Before continuing that rant, I will emphasise the need for an efficient public transportation system in every city. As mentioned before, every city is essentially a concentrated labor market. Businesses – low tech, high tech, service sector, manufacturing like to set themselves up in cities as these cities offer them access to a large pool of labor in short distance. This in combination with the fact that most of their suppliers and customers too do the same lead to something known as agglomeration benefits. All the above depends upon the efficiency of the transportation system and the density of urban living. The higher the efficiency of transportation networks and the density of urban living, the greater the agglomeration benefits and therefore higher incomes.
Let me illustrate this with an example from our National Capital Region. Say Srikanth decides to shift from Bengaluru [He is desperate to] to the wretched hellhole that is NCR and rents a place in Dharuhera (About 45kms from Gurugram). He is forced to rent here because he has a taste for luxury and but his bank account isn’t all that good enough to enable him to live in Gurugram. It takes about an hour to travel between Gurugram and Dharuhera as he travels through public transport, Uber and Ola aren’t available in Dharuhera and the nearest metro is HUDA city center which is about 40kms away. What are the chances of him accepting a job paying ₹60k per month near Rajiv Chowk i.e. Connaught Place, New Delhi over a job paying ₹55k in Gurugram ? (It takes about 2.5 hrs to travel from Dharuhera to Connaught Place). Very low. He most probably will take the ₹55k job as it saves him 3 hours of travelling everyday.

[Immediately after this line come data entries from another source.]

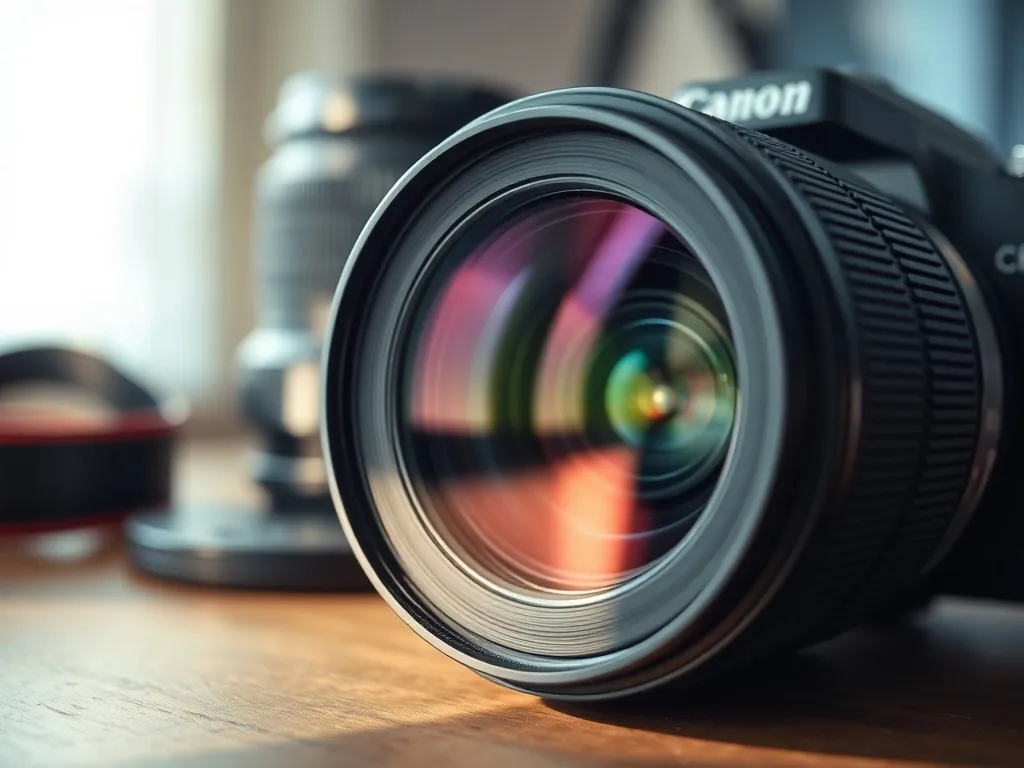 Zbliżenie obiektywu aparatu z wyraźnie widoczną przysłoną na biurku, na drugim planie rozmyte akcesoria fotograficzne.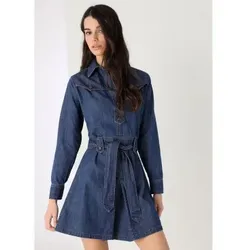 Lois Jeans für Damen. 448082541 Kurzes Kleid im Westernstil mit langen marineblauen Ärmeln (XL), Lässig, Baumwolle, Langarm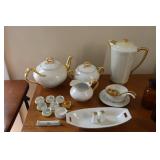 Lot - Lusterware tea set, coffee pot (lid has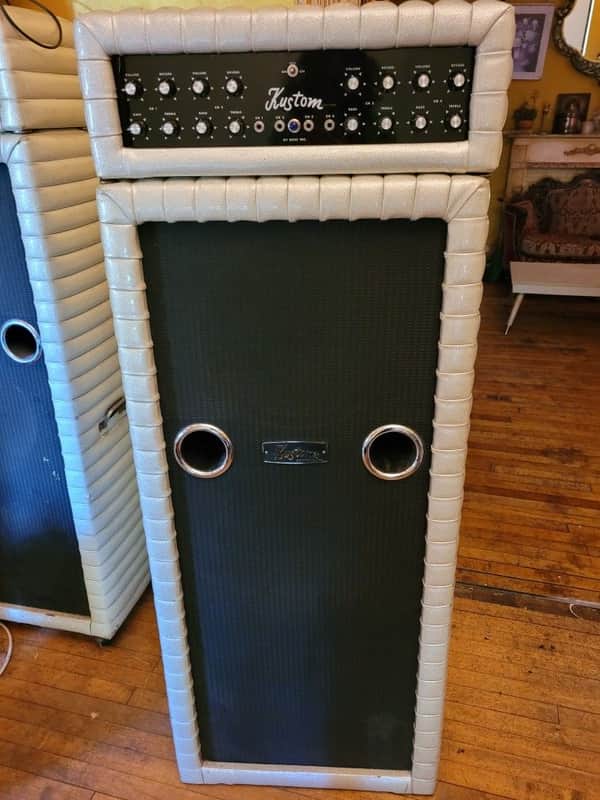 Kustom 200 A-5 200A-5 Amplifier 70's champagne gold Amp Head w/3x15 Speaker Cabinet image 1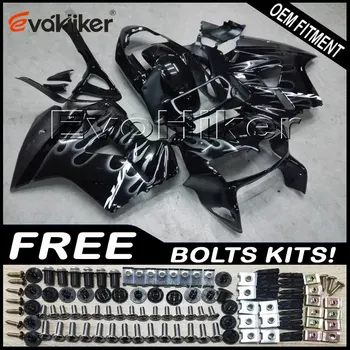 

Custom fairing motorcycle bodywork kit for VFR800 1998-2001 ABS motorcycle panels silver flames+gifts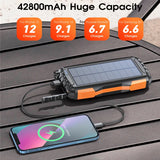 Solar Power Bank 42800mAh Waterproof Portable Charger Powerbank solar power  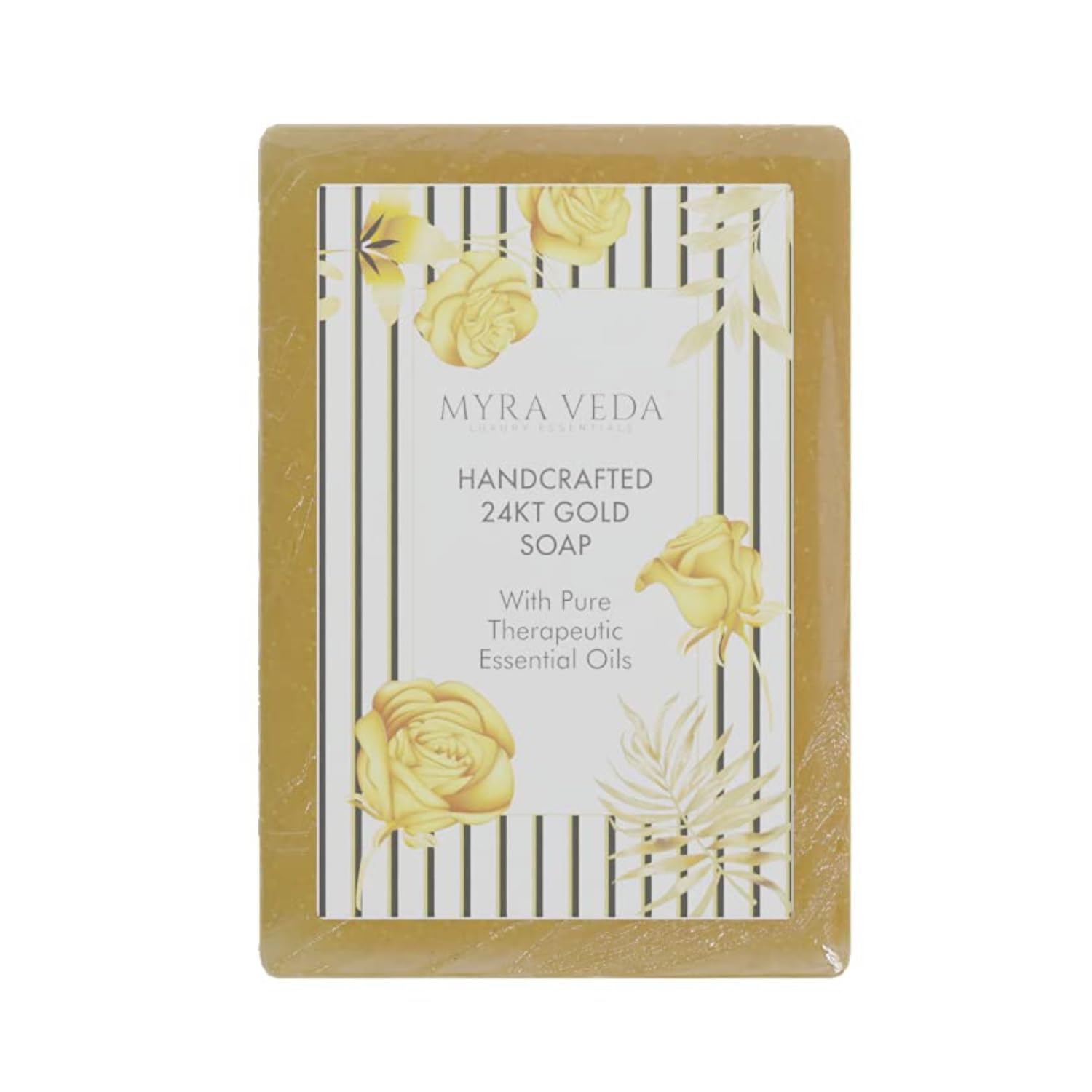Myra Veda Organic Gold & Aloe Vera Bath Soap for Women & Men - 24KT Gold Infused, Vitamin E Enriched, 100% Natural Therapeutic Soap for Glowing & Hydrated Skin - Chemical-Free Handmade Soap Bar (100g) - Perfect for Daily Skincare, Spa Days & Luxury Gift Giving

The company in Connaught Place will probably have to do with lower quality labor or increase the offer and thus incur higher labor cost.

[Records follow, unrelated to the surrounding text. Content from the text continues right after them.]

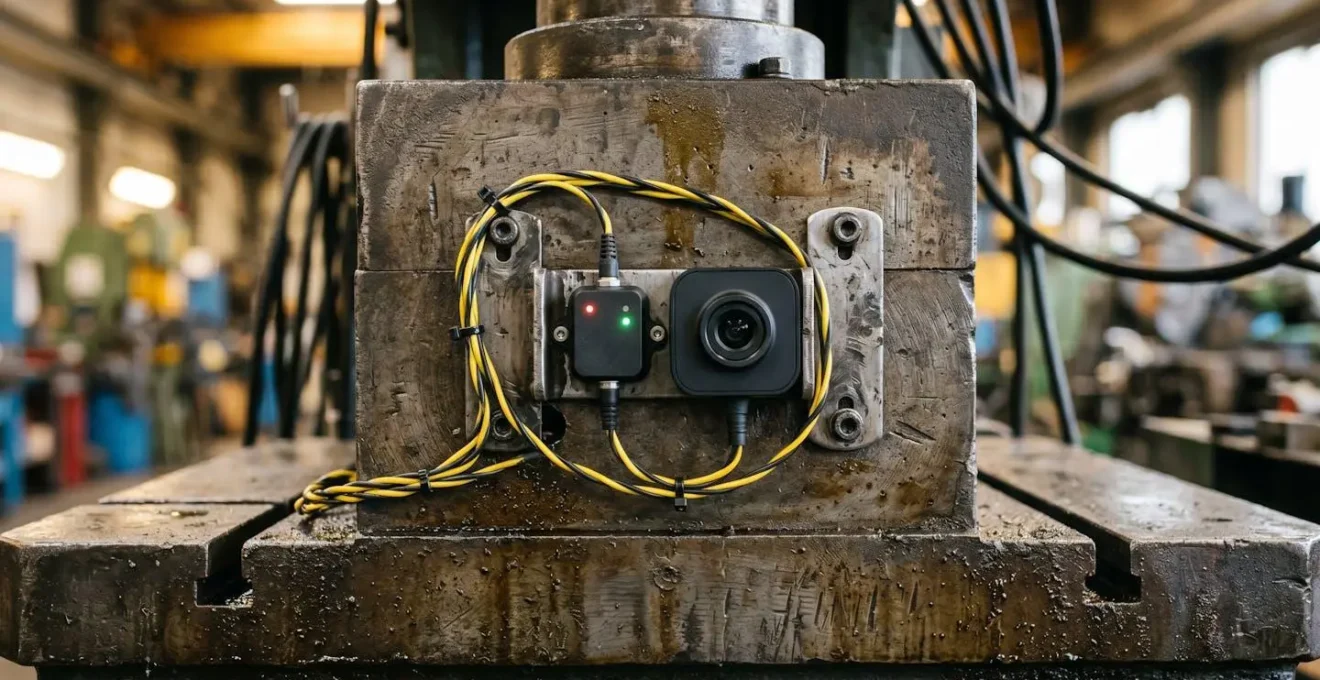 Close-up of vintage industrial press equipped with modern IoT sensors and edge computing devices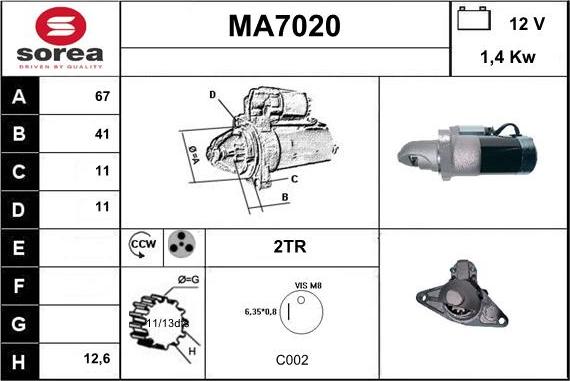 Sera MA7020 - Стартер vvparts.bg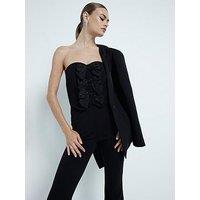 River Island Bow Front Jumpsuit - Black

Haryana Roadways is one of the worst state road transportation companies (SRTCs) with only about 100 buses in operation in Gurugram on about 15 routes. If one attempts to go via public transport from Dharuhera to Gurugram, he or she is forced to take the very rickety illegal buses as the Haryana Roadways buses on the route are very infrequent. The private ones that operate are harassed and sometimes seized if they use the Haryana Roadways logo to escape harassment. If private bus operators existed and the construction on the highway is completed, the route will take about half an hour. Srikanth might take up a job a little further away from Gurgaon say at Hauz Khas @ ₹58k.

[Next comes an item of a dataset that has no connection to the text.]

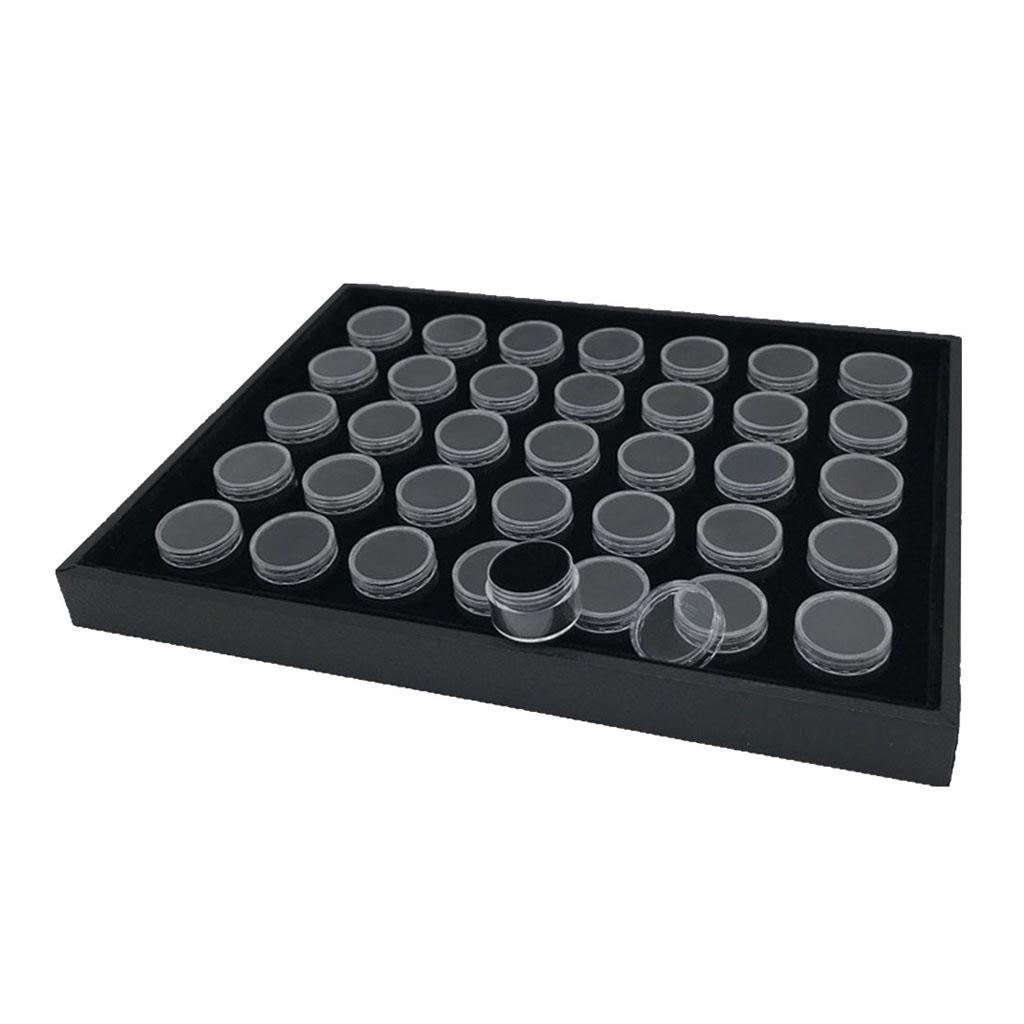 FindingKing 24 Black Foam Gem Jars Gemstone Storage Display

Now, back to my rant on BMTC and BMRCL. The old geezers in BMTC and their parent PSU- KSRTC will NEVER give up their legal monopoly. The ones in BMRCL will take another 10 years to realize that Majestic and MG Road no longer are the locus of business activity in Bengaluru city and that the locus has shifted to suburbs like Whitefield and Sarjapur. If Karnataka and other states stop harassing tech based taxi and bus aggregators like Ola, Uber, ZipGo and ends the legal monopoly of SRTCs and their subsidiaries, the transportation outcomes in our cities will vastly improve and believe me and the years of Urban Economics research- the resultant increase in agglomeration benefits will make everyone richer off.